We’re still feeding every finch in Ireland.
I finally got a curry plant! It’s tasteless, but it smells like curry. I may have confused it with Curry Leaf.
I forget how there’s a false start then things really kick off.
They look painted, don’t they?
I’m still playing with cuttings, with so much to distract me I’m not as fretful. I bought a small tub of organic rooting gel, it smells vile, but it’s fresh. It turns out the rooting spheres are effective…at staying on the branch as it heals. I removed them, re-stripped the branch, deeper this time, slathered the vile gel onto the tree and sealed the ball once more. I like to know things, Dear Reader, if the gel fails to wow and the balls fail to dazzle I’ll know I’m missing nothing. As for the two hard wood cutting, well, both haven’t yet realised they’re dead. Maybe they’ll root and I’ll be finished with that, maybe not. I want to get into rose grafting, but there wasn’t a single bareroot rose or potted rose to be found anywhere. I have PVC tape, the gel and a box cutter, a teeny one, so I’m prepared. I’ll see how my fake blue rose turns out this year. The thing just came out in a muted pink and that was that, let’s see how this year goes. I have the proper one too now at least. Blue Mon better be good or…well, I’l scowl at it.
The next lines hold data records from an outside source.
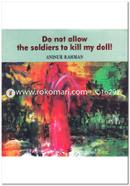 Do Not Allow The Soldiers to Kill My Doll!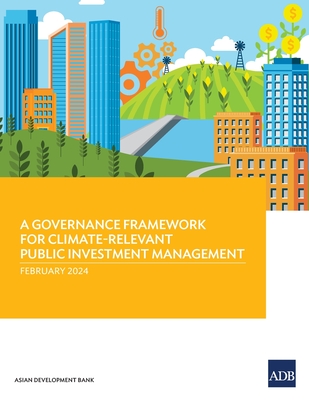 A Governance Framework for Climate-Relevant Public Investment Management - Asian Development Bank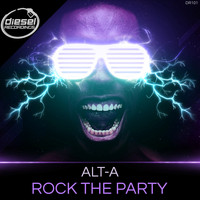 Alt-A - Rock The Party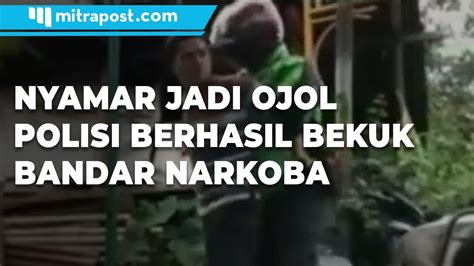 Aksi Polisi Nyamar Jadi Ojol Berhasil Bekuk Bandar Narkoba Youtube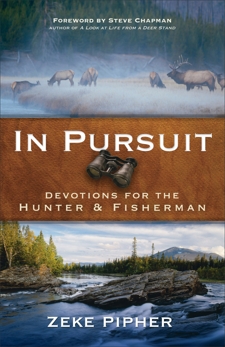 In Pursuit: Devotions for the Hunter and Fisherman, Pipher, Zeke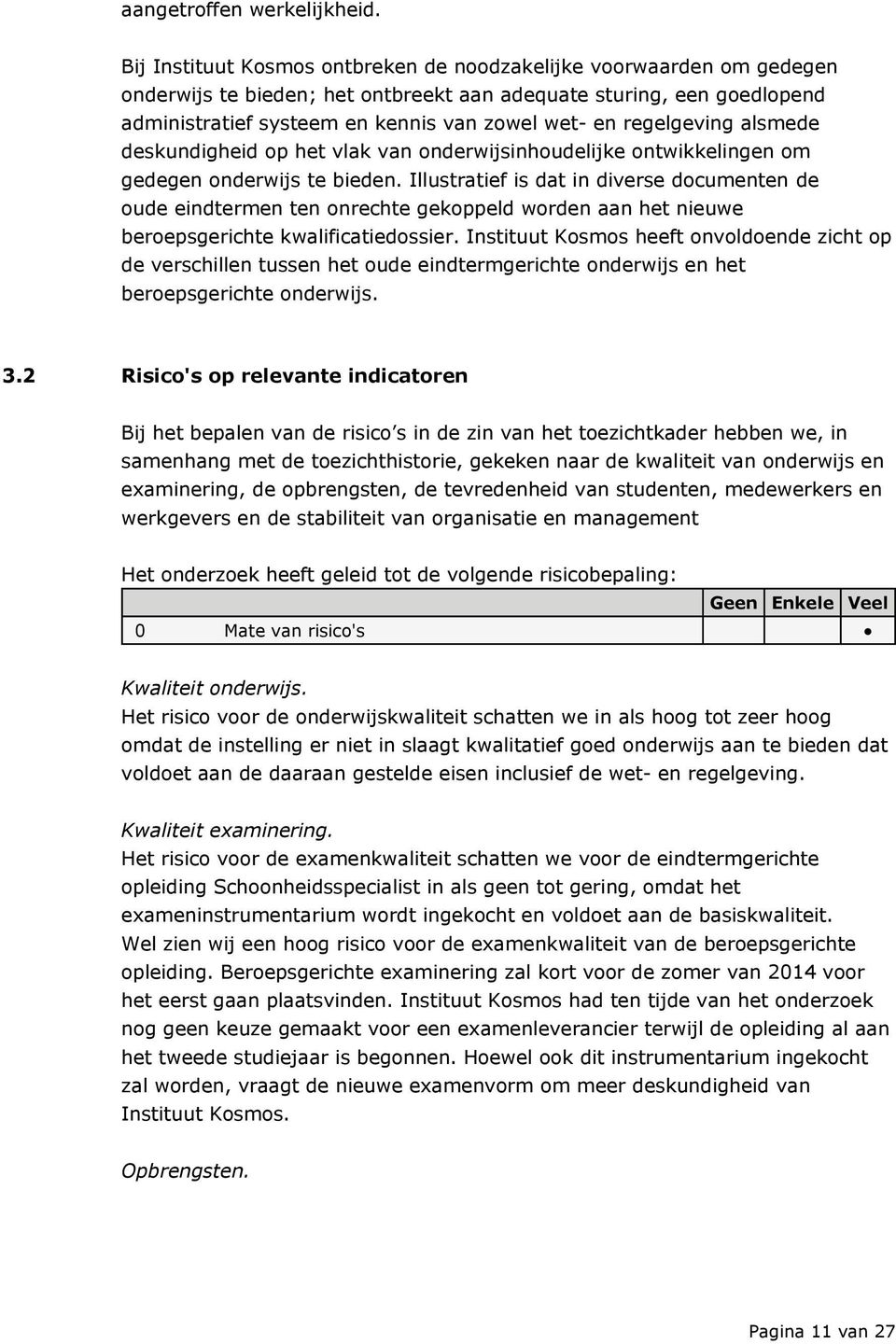 regelgeving alsmede deskundigheid op het vlak van onderwijsinhoudelijke ontwikkelingen om gedegen onderwijs te bieden.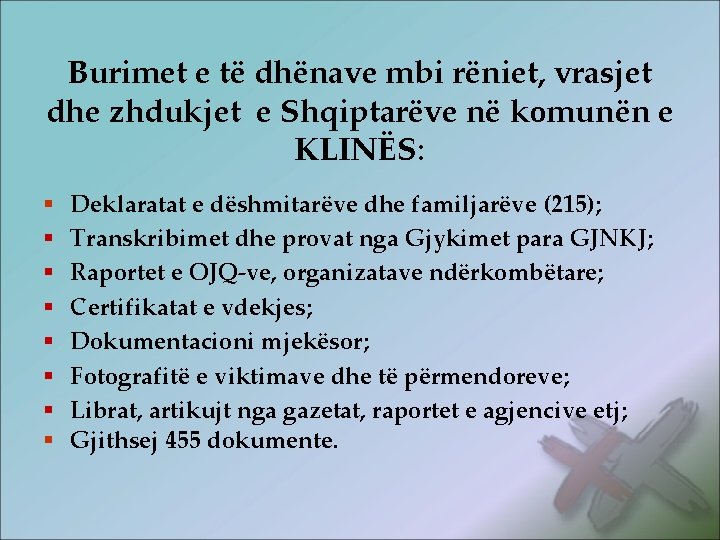 Burimet e të dhënave mbi rëniet, vrasjet dhe zhdukjet e Shqiptarëve në komunën e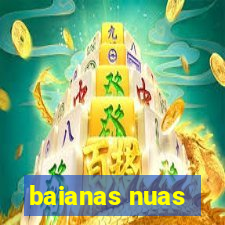 baianas nuas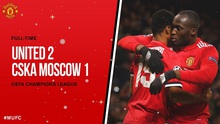 Video bàn thắng trận M.U 2-1 CSKA Moscow ở Champions League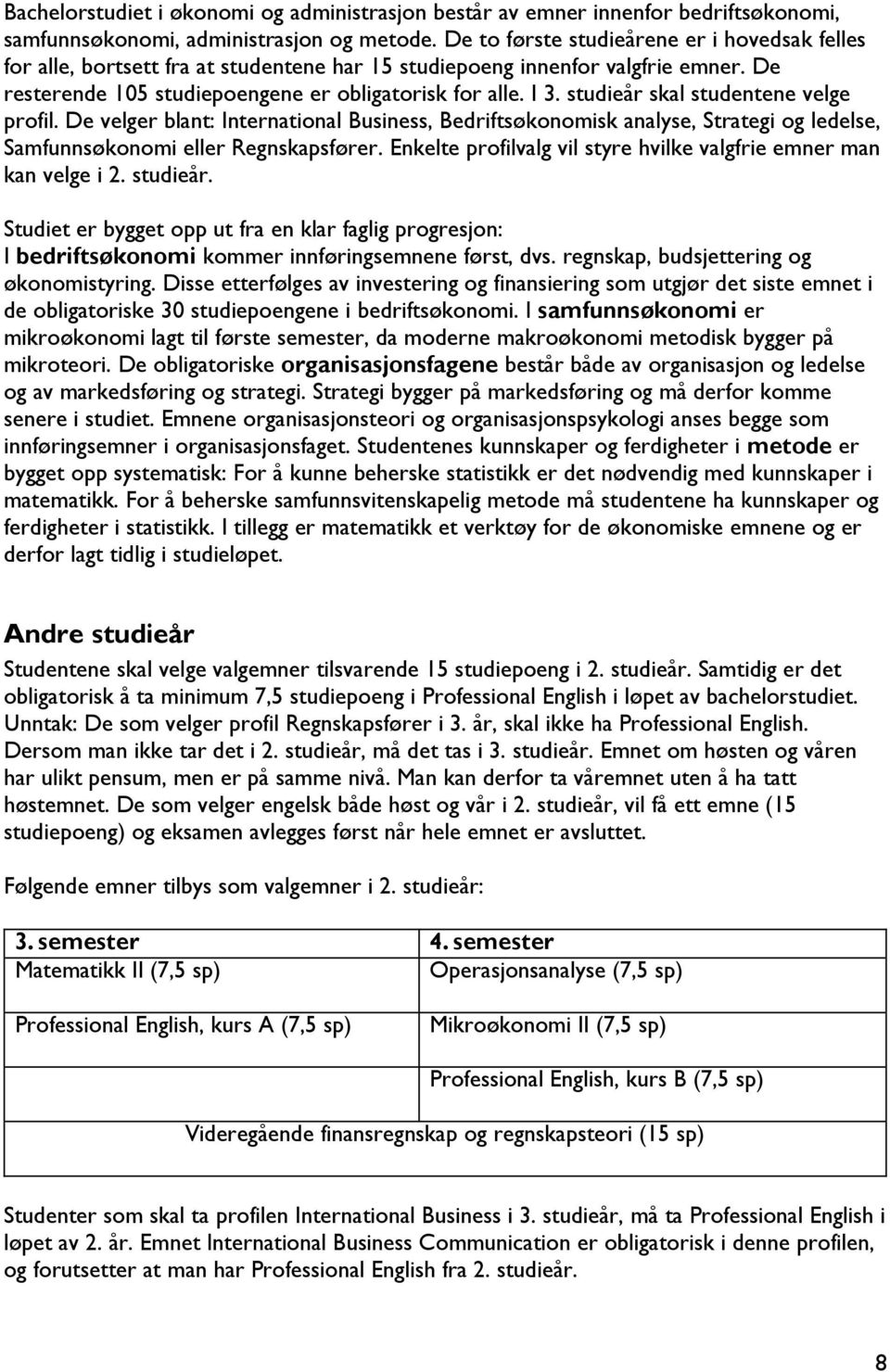 studieår skal studentene velge profil. De velger blant: International Business, Bedriftsøkonomisk analyse, Strategi og ledelse, Samfunnsøkonomi eller Regnskapsfører.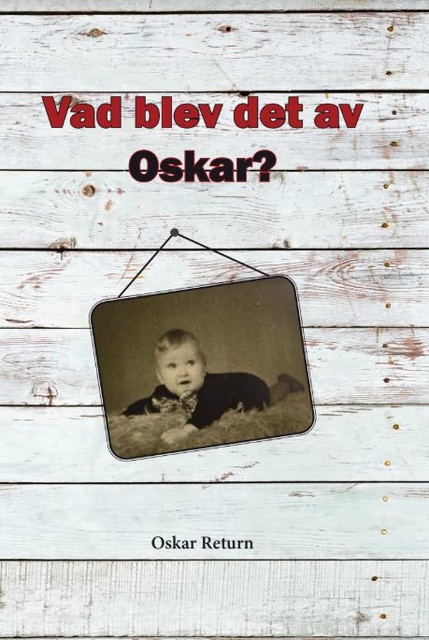 Vad blev det av Oskar, Oskar Return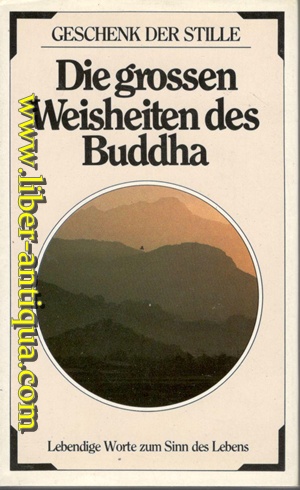 Die großen Weisheiten des Buddha - Lebendige Worte zum Sinn des Lebens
Rosebuds are starting to appear.
Even the plain ones are striking when they open.
Look at all these onions! They’re there, just buried, use your imagination!
It looks more like an Iris as it opens.
The first year after transplanting is up and these roses will now really show their worth.
I probably repeat myself a lot, Dear Reader, but I’m sure at least some of what I repeat is worth rehearing. We’re still a ways away from the heavy hitting harvest, the ones that put new meals, or reworked old ones, on the table, that takes time and patience, but I have some herbs and will be playing around with them as I go. I still have some fruit from last year, some basil sauces, but not much else. I found that really fresh herbs retain their flavour if frozen in water very quickly, I had basil last nearly a year that way, it would’ve lasted longer but I ate it. I have no idea what this year will bring, I’ll just keep puttering on in the hope I’ll have something to eat. That’s about as far ahead I think, Dear Reader, you never know what the future holds in the garden so I work in the present to give it the best chance it can have. I’ll be back again later, Dear Reader, I might have something to talk about regarding my Flaxseed and Buckwheat scones, I used whole chia seed and it gave the a delightful spring and moistness. All things in time, Dear Reader, until later then. Take care.